EXTRACTED MATERIAL:
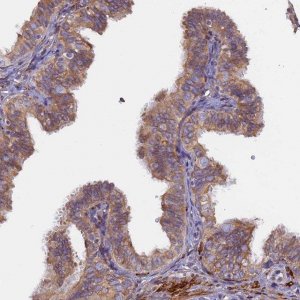 Anti-TLCD1 antibody produced in rabbit 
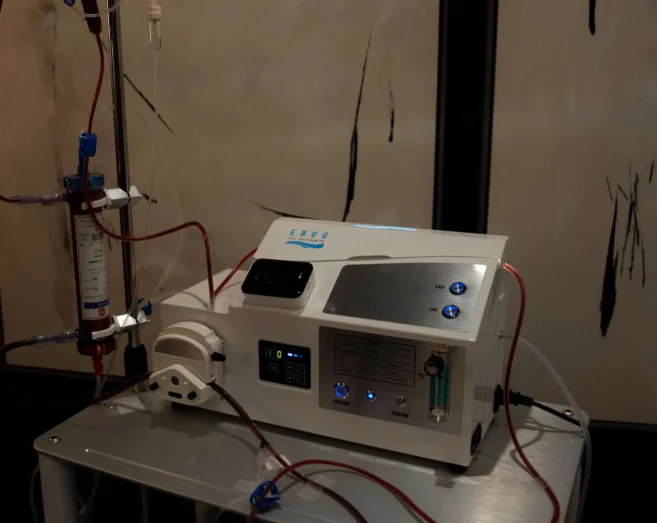 EBOO & Ozone Therapy: An Innovative Approach to Wellness EBOO & Ozone Therapy: An Innovative Approach to Wellness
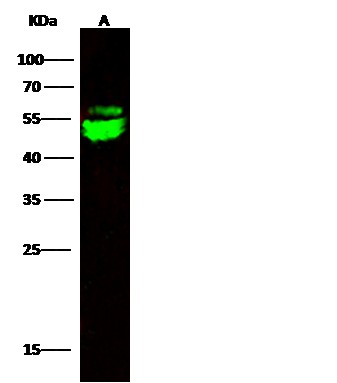 Recombinant CNDP2 Monoclonal Antibody (AN300496P)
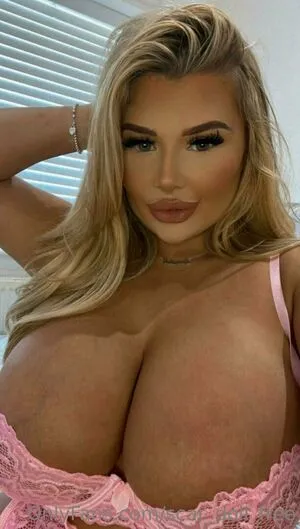 Scar Doll Free OnlyFans Leaked Free Thumbnail Picture - #xoBv6XjhZl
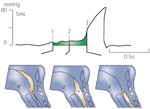 Figure 3 : Hypopharyngeal intrabolus pressure is an indirect measure of UES compliance. Unfortunately we are unable to provide accessible alternative text for this. If you require assistance to access this image, or to obtain a text description, please contact npg@nature.com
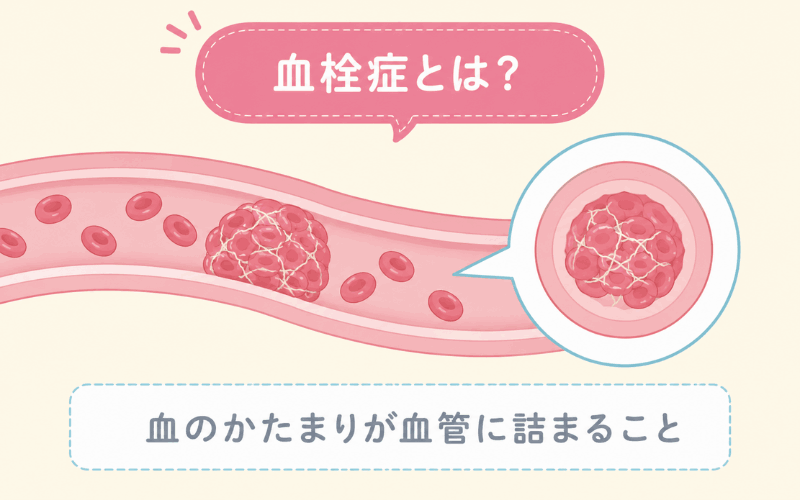 ピルの副作用血栓症とは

DESCRIPTION OF THE TASK: The records must be restated word for word, apart from any images.

ANSWER TO THE EXERCISE:
 Anti-TLCD1 antibody produced in rabbit 
 EBOO & Ozone Therapy: An Innovative Approach to Wellness EBOO & Ozone Therapy: An Innovative Approach to Wellness
 Recombinant CNDP2 Monoclonal Antibody (AN300496P)
 Scar Doll Free OnlyFans Leaked Free Thumbnail Picture - #xoBv6XjhZl
 Figure 3 : Hypopharyngeal intrabolus pressure is an indirect measure of UES compliance. Unfortunately we are unable to provide accessible alternative text for this. If you require assistance to access this image, or to obtain a text description, please contact npg@nature.com
 ピルの副作用血栓症とは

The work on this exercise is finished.